(Record extracts Opens)
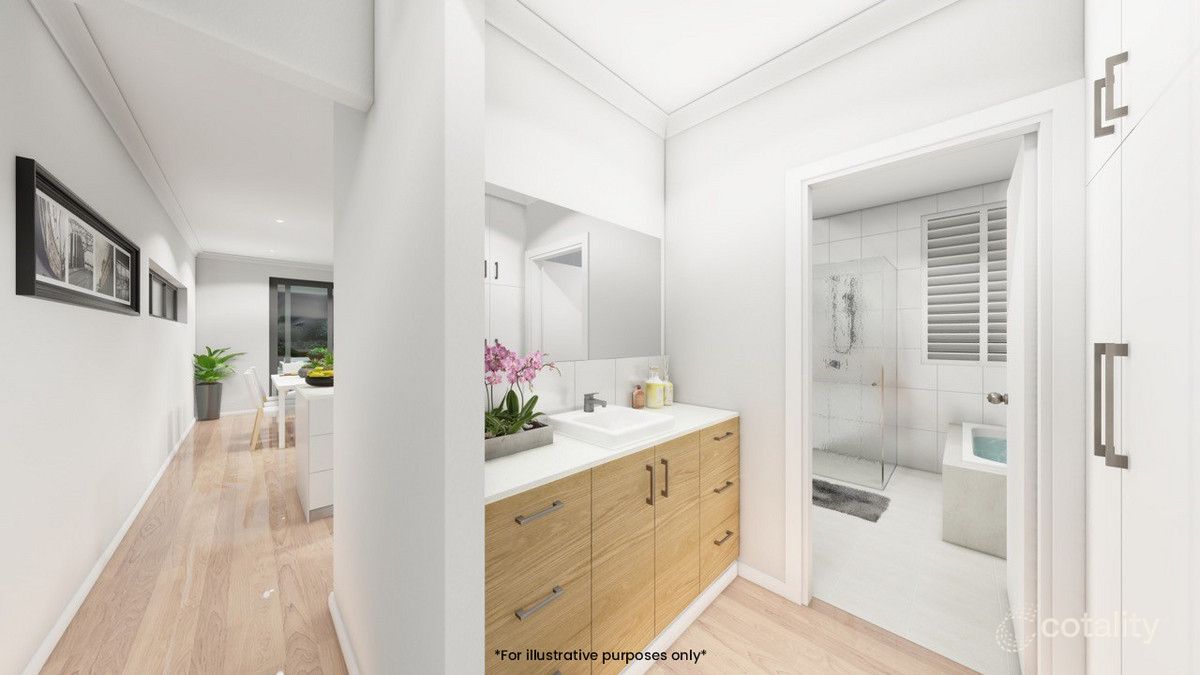 10 Neptune Tce, Rosewater, SA 5013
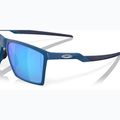 Окуляри сонцезахисні Oakley Futurity satin navy/prizm sapphire 6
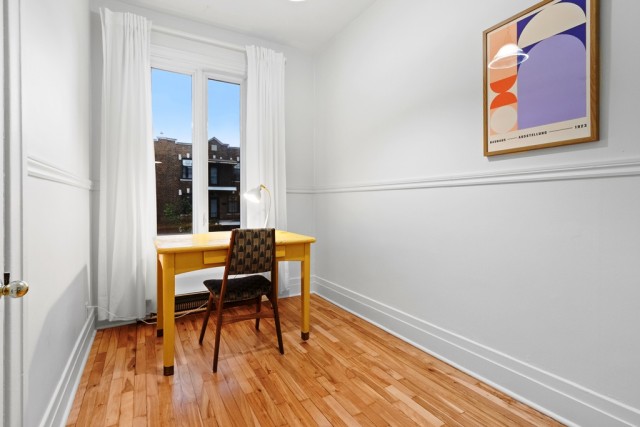  4 1/2 Mirabel 80 $/jour. Appartement à louer Mirabel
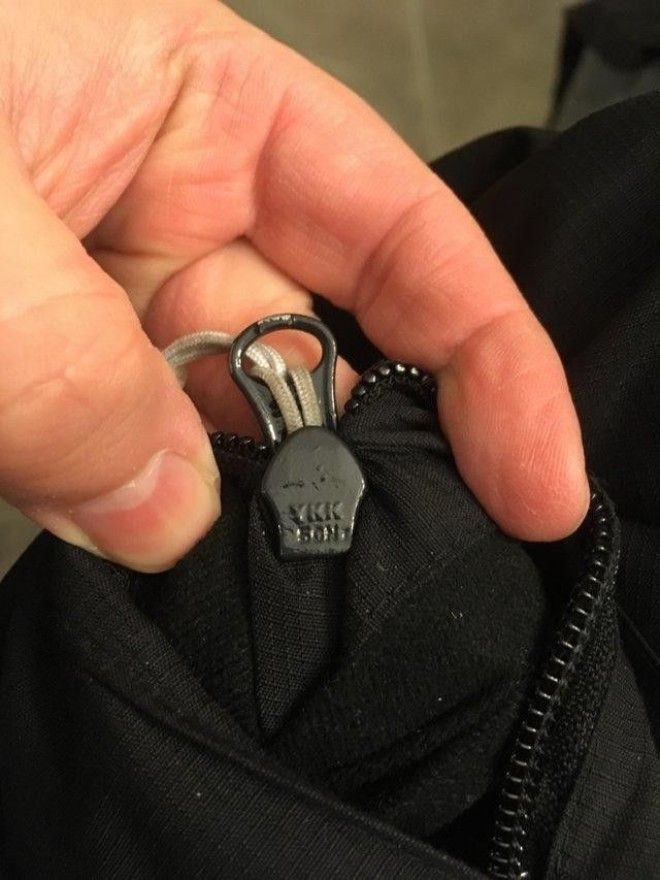 SBСлучаи когда удача повернулась к людям явно не передом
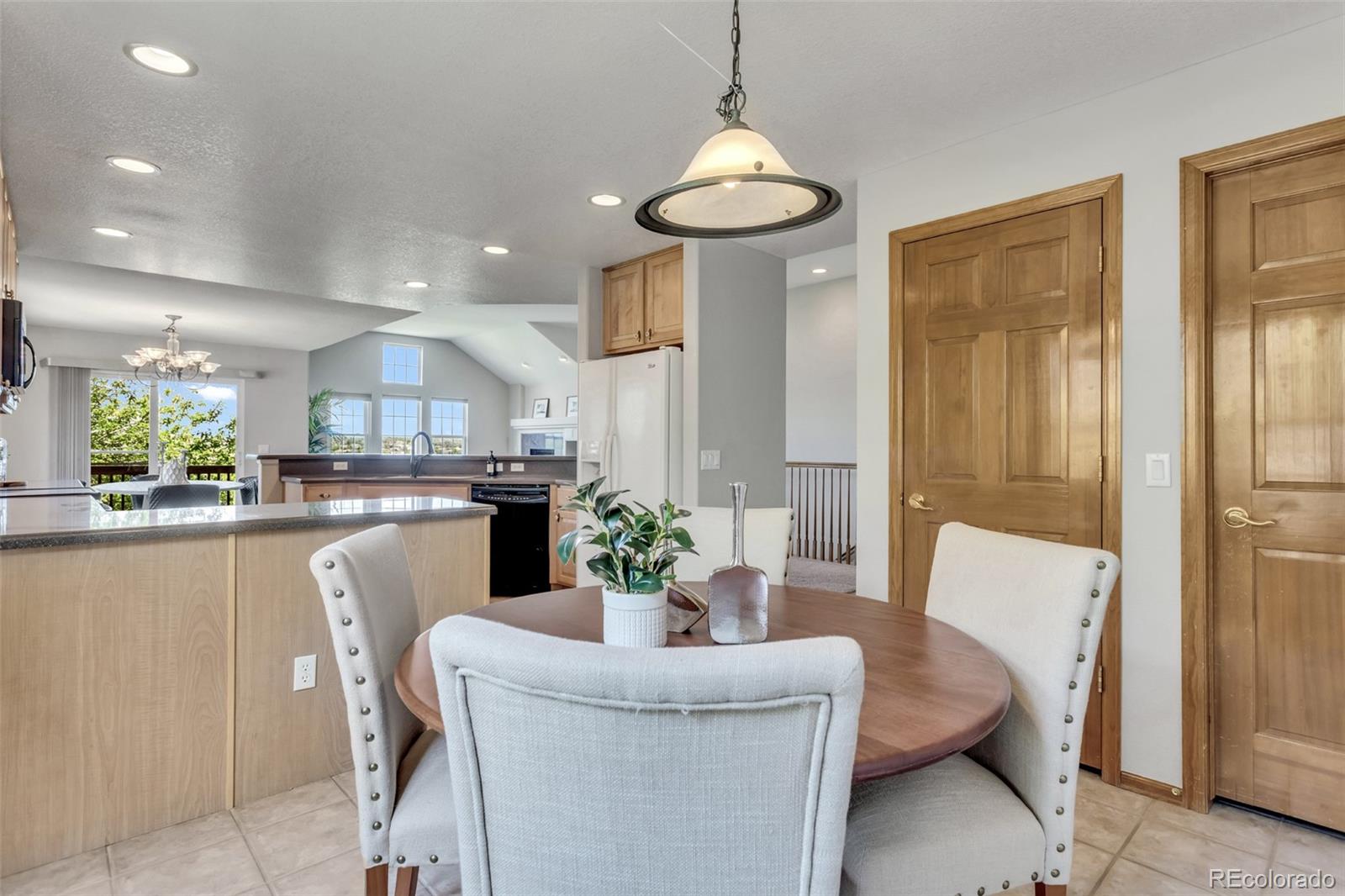 MLS Image #11 for 7968 s algonquian court,aurora, Colorado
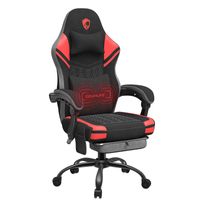 Fotel Douxlife GC RC05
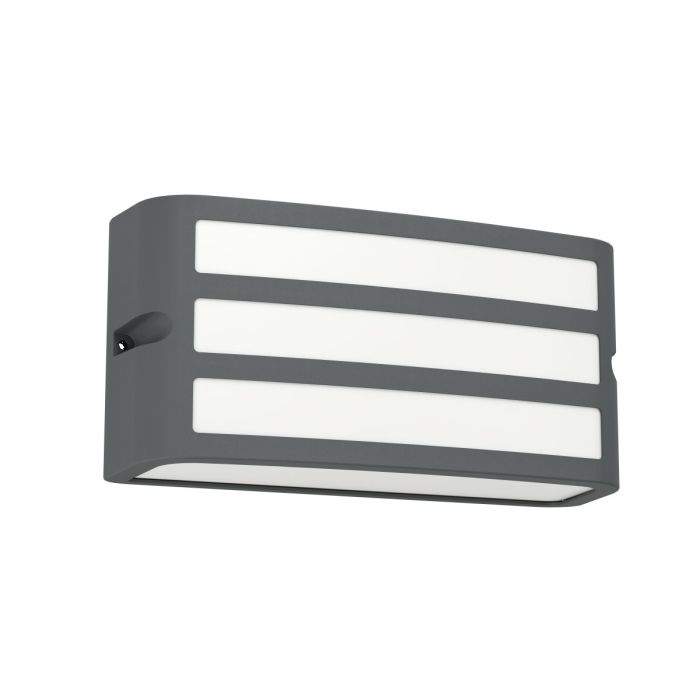 CAMARDA-900811-Eglo-216616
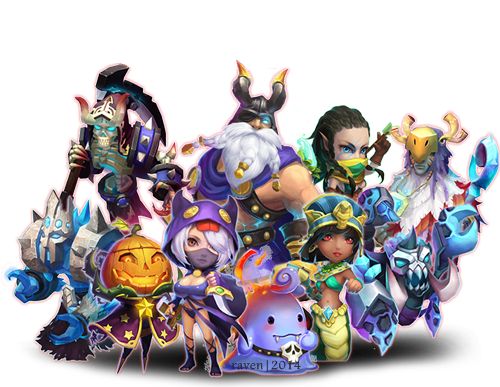 All Slots Casino پاکستان ریئل منی گیمز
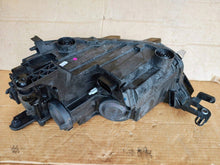 Load image into Gallery viewer, Frontscheinwerfer VW T-Roc 2GA941006B Rechts Scheinwerfer Headlight SCH3186593262dv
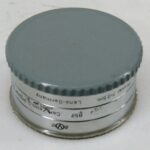 Hasselblad Series 50 Proxar Set 0.5 + 1M + 2M Chrome Filters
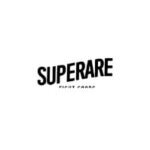Superare Fight Shop coupons and promo codes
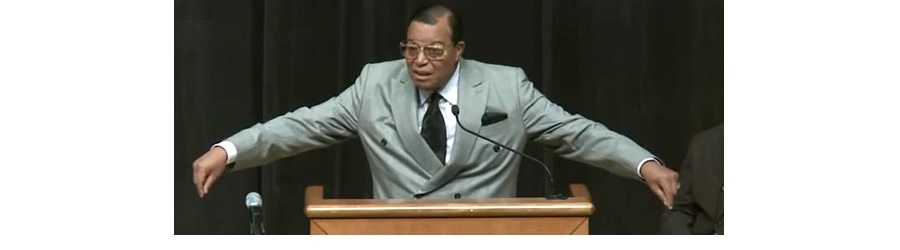 Farrakhan_Ferguson.jpg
(Record extracts Closes)
What this task involves:
Repeat all of the entries above word for word and omit the pictures.

Answer space:
 10 Neptune Tce, Rosewater, SA 5013
 Окуляри сонцезахисні Oakley Futurity satin navy/prizm sapphire 6
  4 1/2 Mirabel 80 $/jour. Appartement à louer Mirabel
 SBСлучаи когда удача повернулась к людям явно не передом
 MLS Image #11 for 7968 s algonquian court,aurora, Colorado
 Fotel Douxlife GC RC05
 CAMARDA-900811-Eglo-216616
 All Slots Casino پاکستان ریئل منی گیمز
 Load image into Gallery viewer, Frontscheinwerfer VW T-Roc 2GA941006B Rechts Scheinwerfer Headlight SCH3186593262dv
 Hasselblad Series 50 Proxar Set 0.5 + 1M + 2M Chrome Filters
Superare Fight Shop coupons and promo codes
 Farrakhan_Ferguson.jpg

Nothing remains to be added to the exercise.